Oddly enough, social media complaints about these and similar hindrances are usually accompanied by cries for city governments to do more. There may be a shortage of trash cans downtown and smokers lack proper receptacles for their refuse. However, when we become angry after witnessing these behaviours, the issue becomes more about culture, manners and education.
Metro Vancouverites are also more likely to become more upset at motorists who break the law than at cyclists who roam free. The use of hand-held cellphones by drivers has been banned in the province since January 2010, yet it is consistently one of the major sources of frustration in surveys about transportation. Speeding has been identified as an issue that bothers British Columbians, with sizable majorities calling for some form of automated enforcement.
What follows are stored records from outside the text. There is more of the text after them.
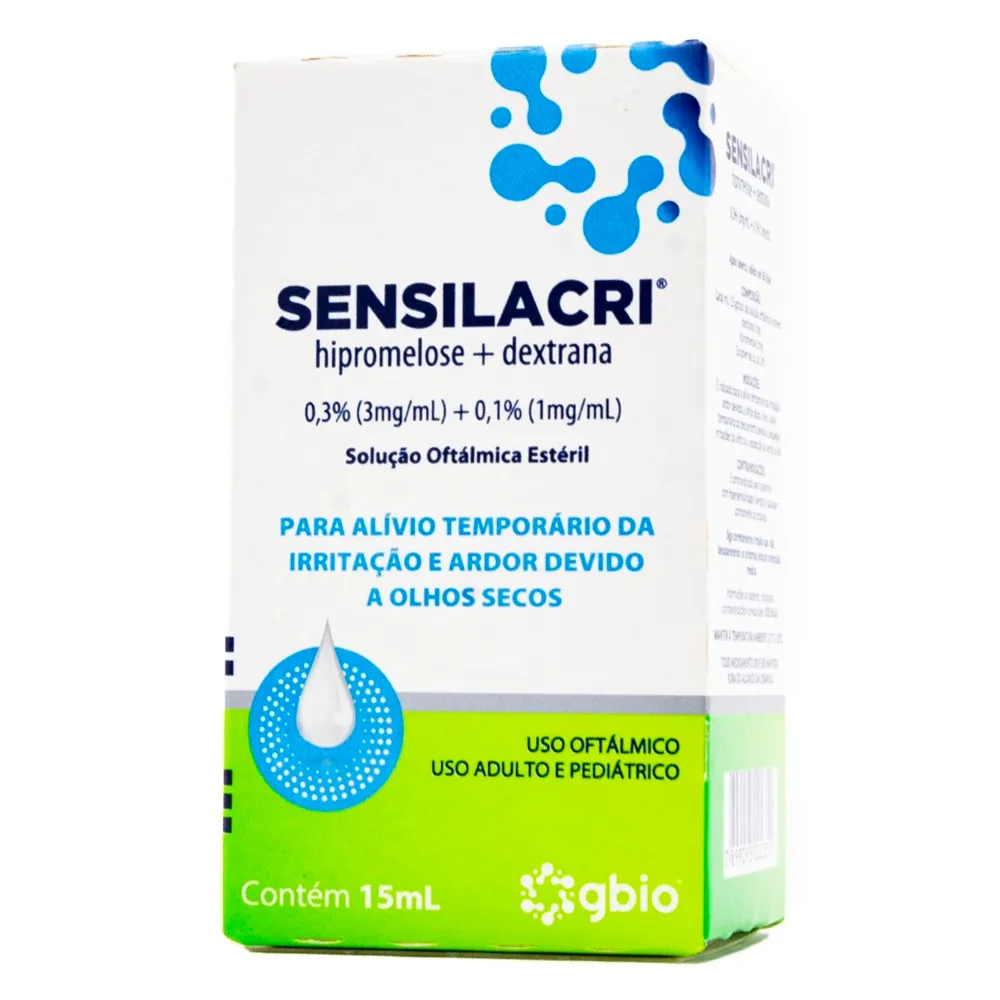 Sensilacri 1mg/ml + 3mg/ml Solução Oftálmica Estéril com 15ml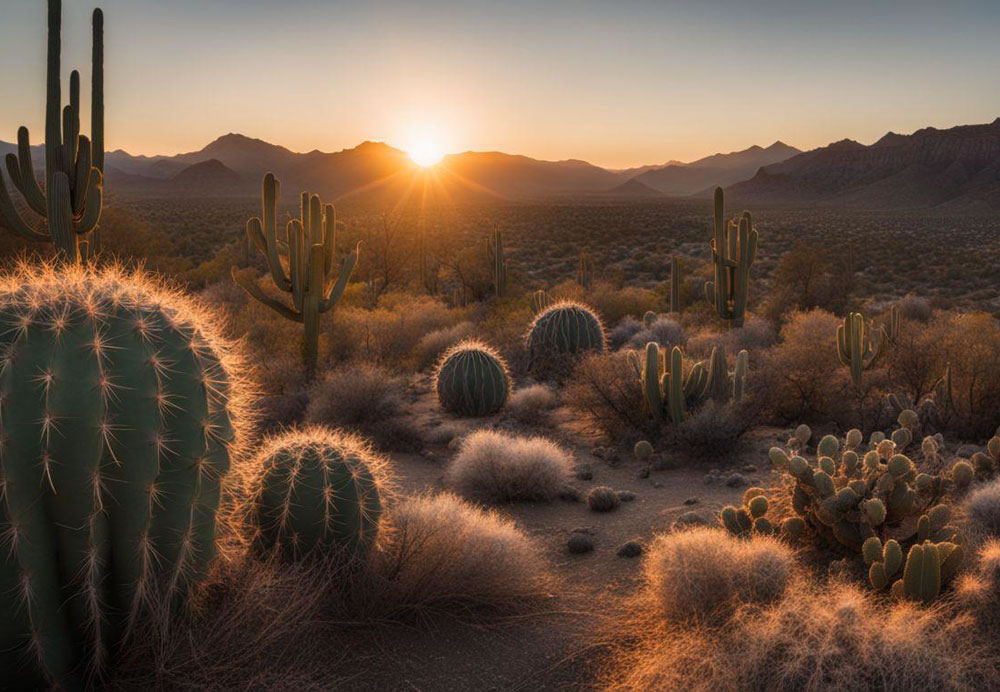 A cactus in a desert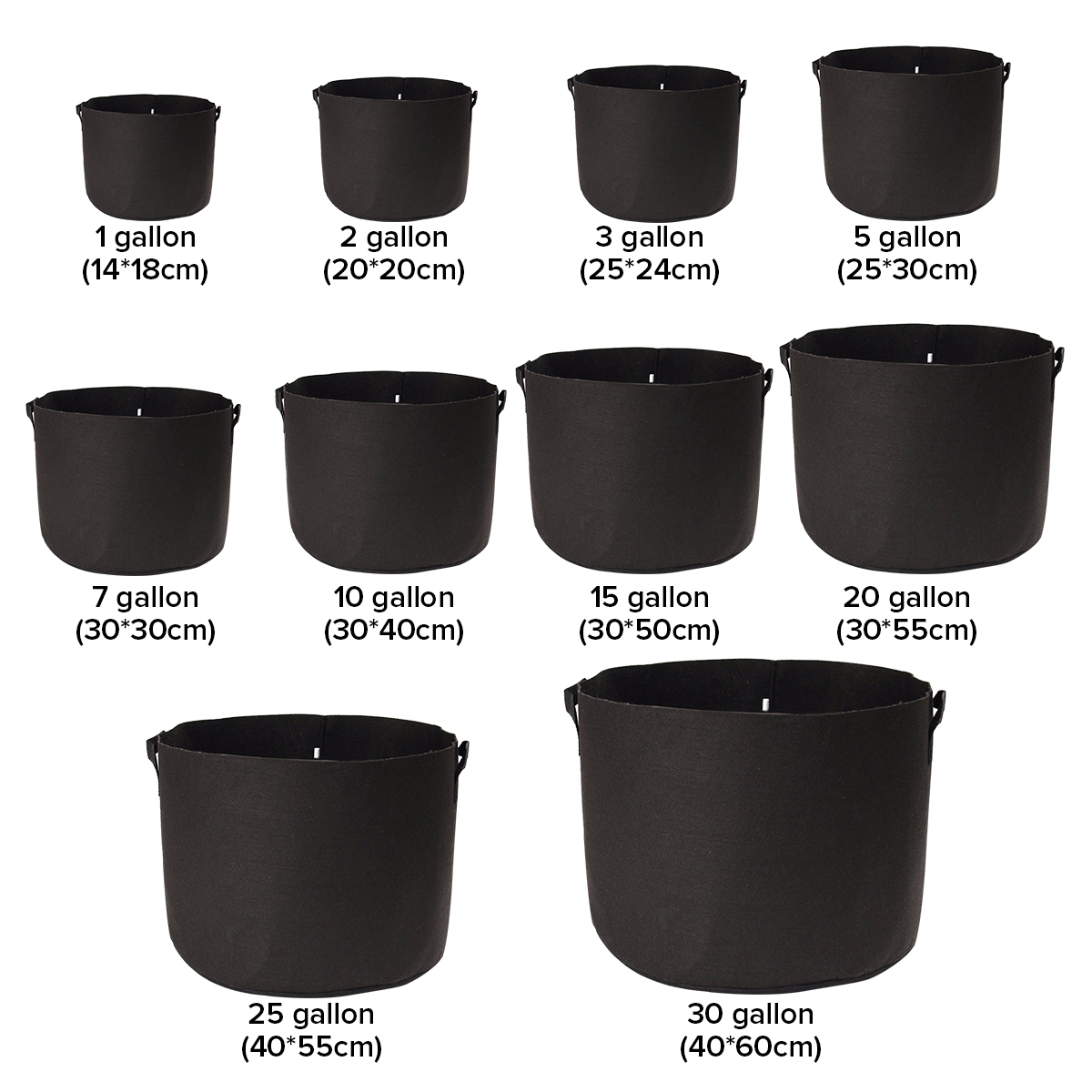 Pots de plantes en tissu noir | Sacs de culture avec poignées, sac de plantation, pot de fleurs taille 1, 2, 3, 5, 7, 10, 15, 20 ,25, 30 gallons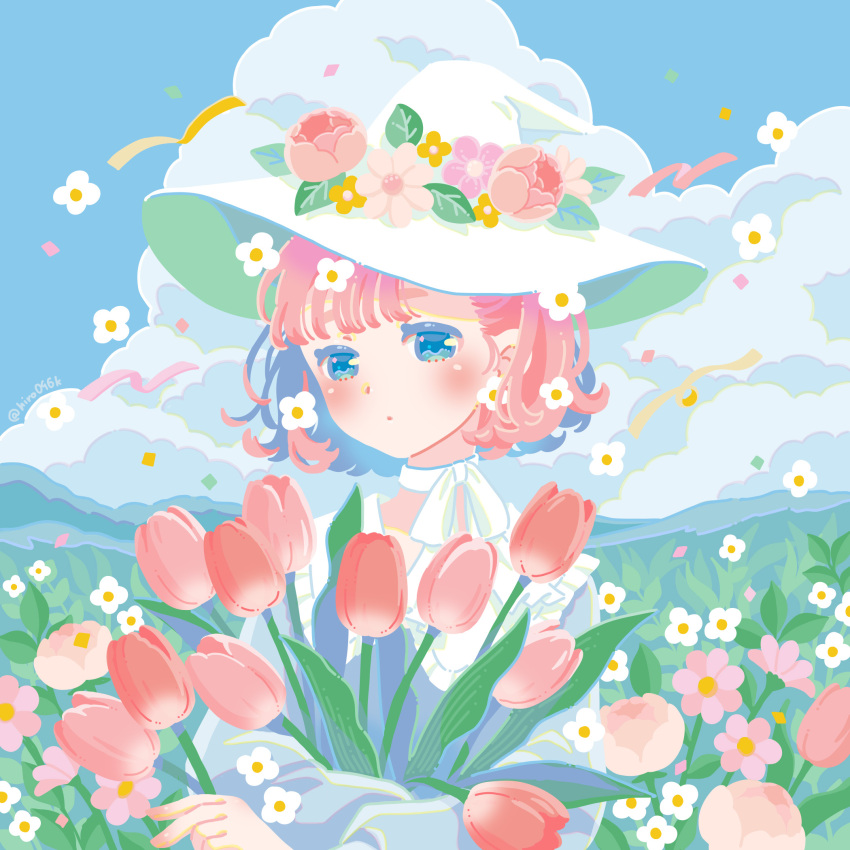1girl blue_eyes clouds cloudy_sky fantasy flower grass hat highres hill hiro046k holding holding_flower looking_at_viewer original outdoors pink_hair ribbon short_hair sky solo tulip white_hair witch witch_hat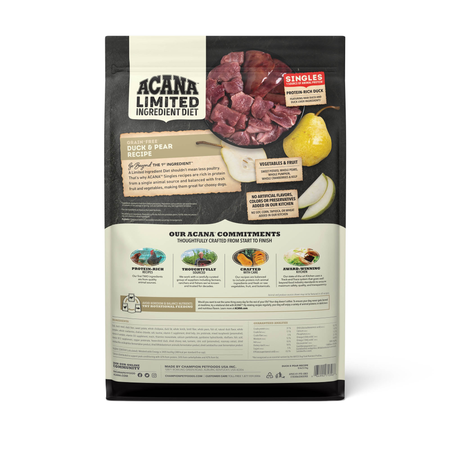 ACANA Singles Limited Ingredient Dry Dog Food Duck & Pear Recipe (4.5 Lb)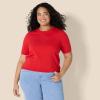 image:imageAmazon Essentials Womens RegularFit Short Sleeve Crewneck Pullover Sweater TopBright Poppy Red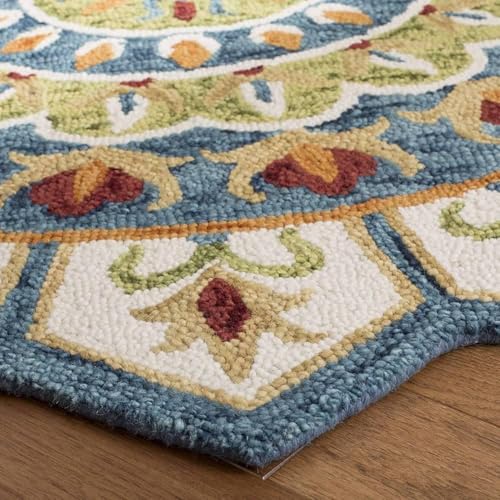 Image of Sifa Carpet Traditional Floral Round Area Rug - Hand-Tufted New Zealand Wool Circular Carpet for Dining Room & Bedroom Weight -87 Pund, Size-12x12 Feet (144x144 Inch Round)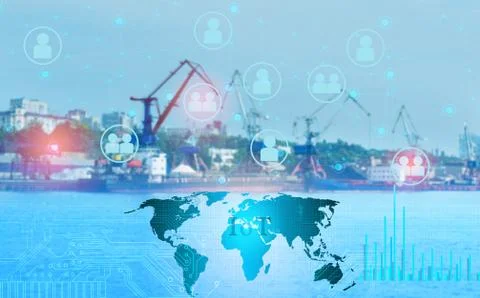 Ship loading control using the Internet of things technologies, distribution Stock Photos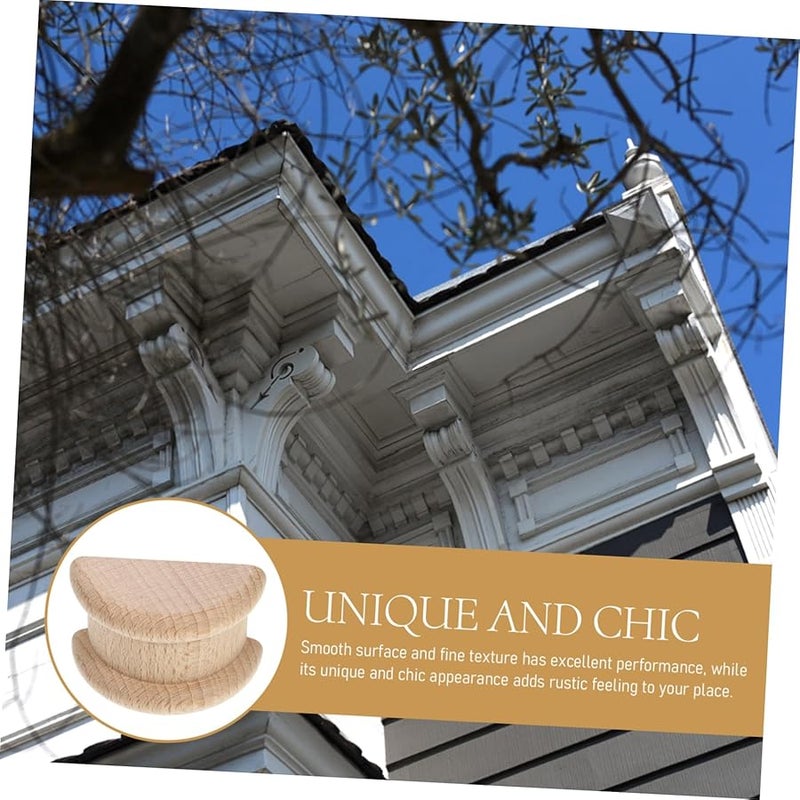 4 Pack Decorative Wooden Corbels Carved Applique Roman Pillar for Furniture Home Decor - Image 5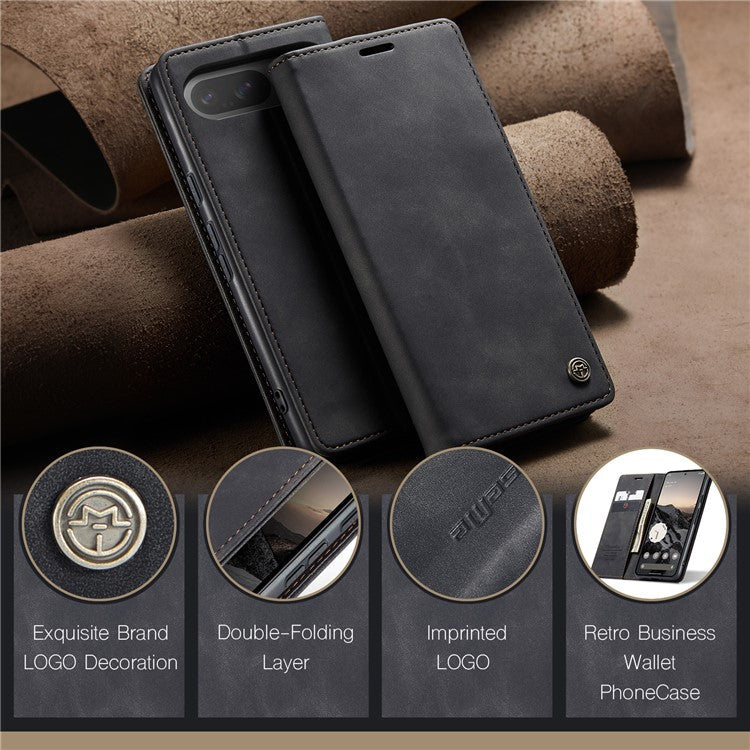 CASEME 013 Series For Google Pixel 9 Pro  /  Pixel 9 Case Card Holder Stand Leather Phone Cover - Black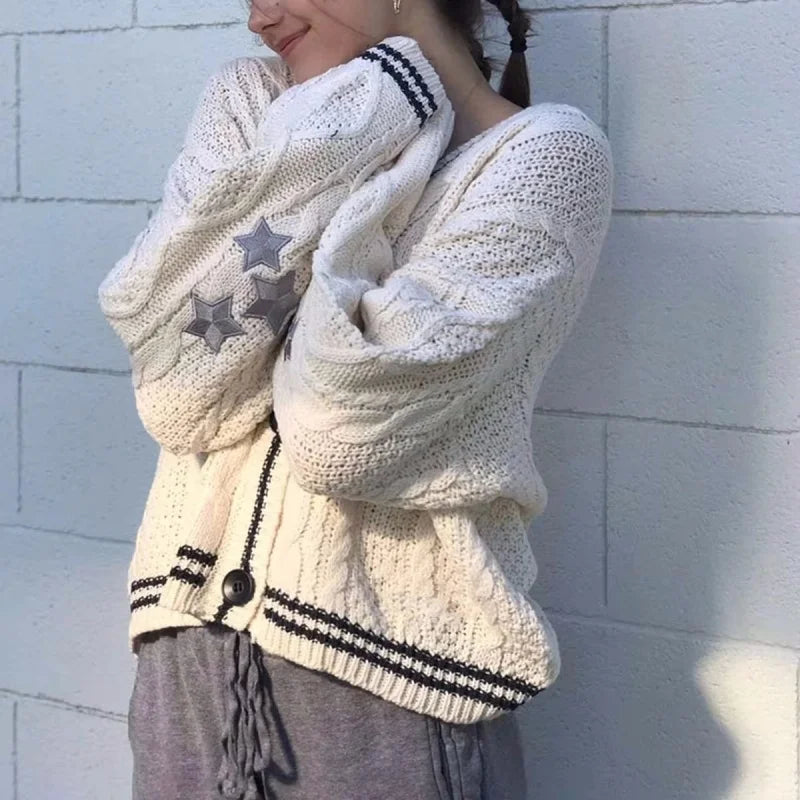 Loose Knitted Cardigans Star Embroidery Long Sleeve Top
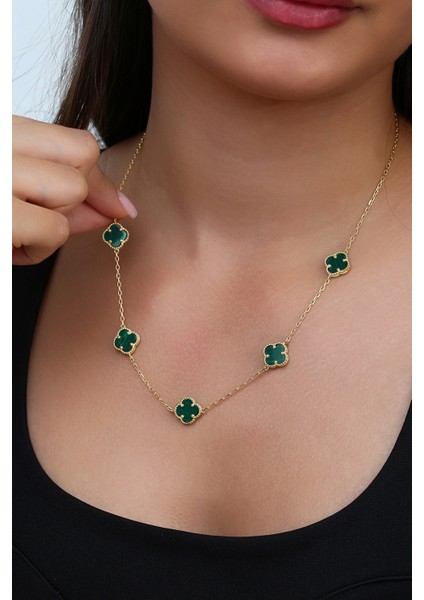 14K Altın Kaplamalı 925 Ayar Gümüş Granada Saray Yoncaları Kolye - Yeşil 23182800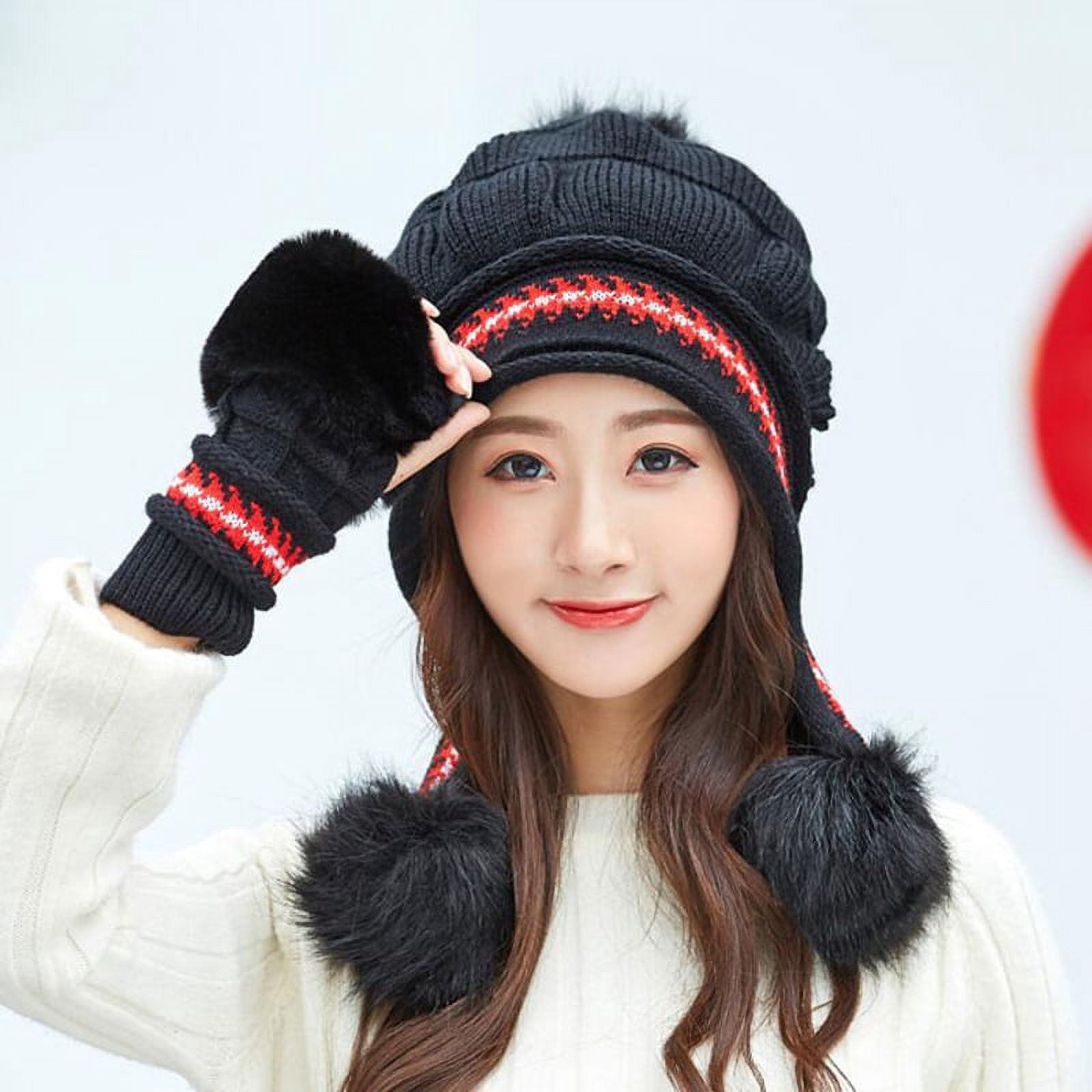 Winter Hat Gloves Set for Women Girls Warm Beanies Pompoms Winter Snow Ski Hats Knitted Caps and Gloves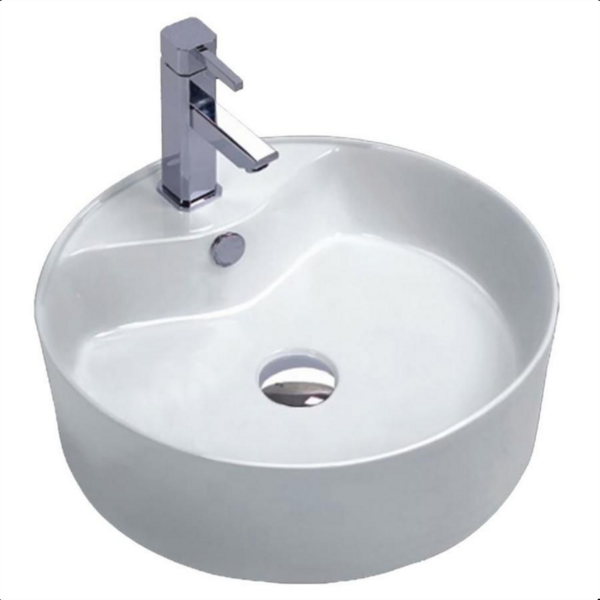 Cuba Lavabo Pia De Sobrepor Apoio Oval Branca Ceramica 46x46c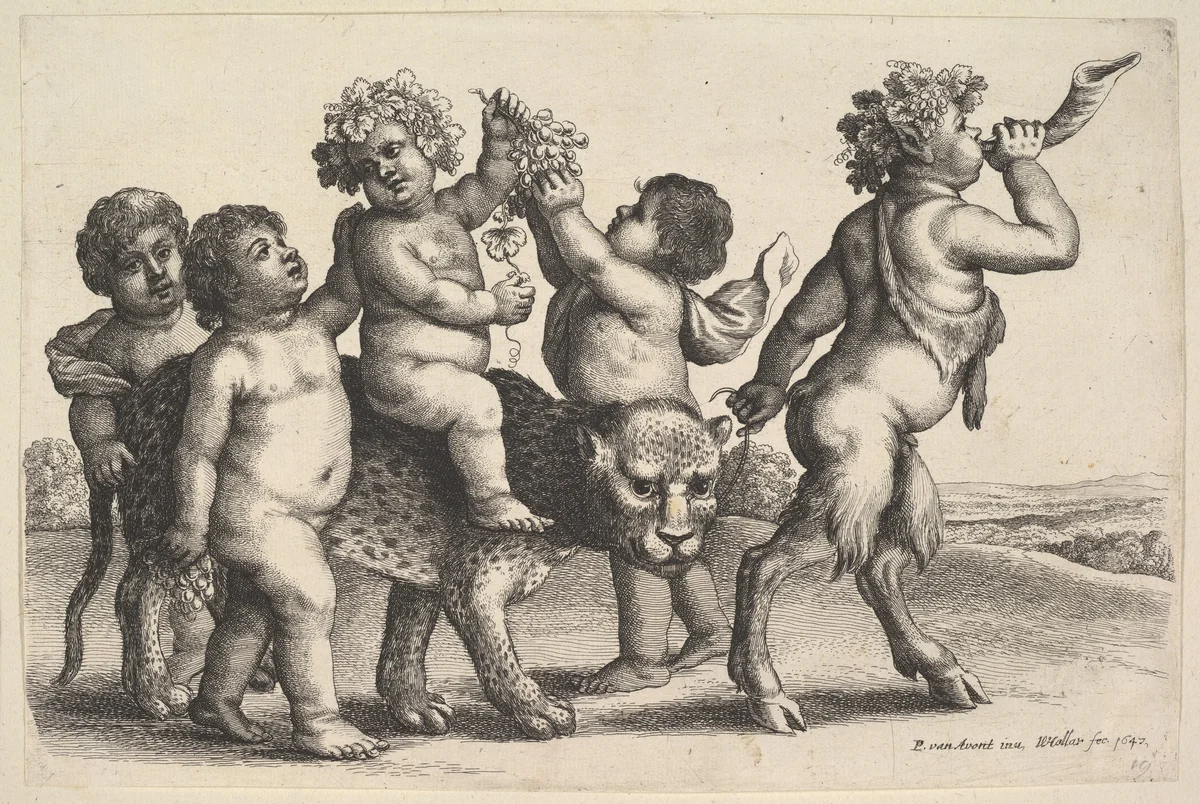 Four boys, a young satyr, and a leopard by Wenceslaus Hollar, print, 1647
It is not surprising to see that Metro Vancouverites aged 55 and over are significantly more likely to get angry after witnessing these behaviours than their younger counterparts – although some irritation is practically universal in every age group and city. Reversing this trend must begin with taking a look at our own conduct and showing our entire community the respect it deserves.
Results are based on an online study conducted October 24–27, 2019, among 700 adults in Metro Vancouver. The data has been statistically weighted according to Canadian census figures for age, gender and region in Metro Vancouver. The margin of error, which measures sample variability, is plus or minus 3.7 percentage points, 19 times out of 20.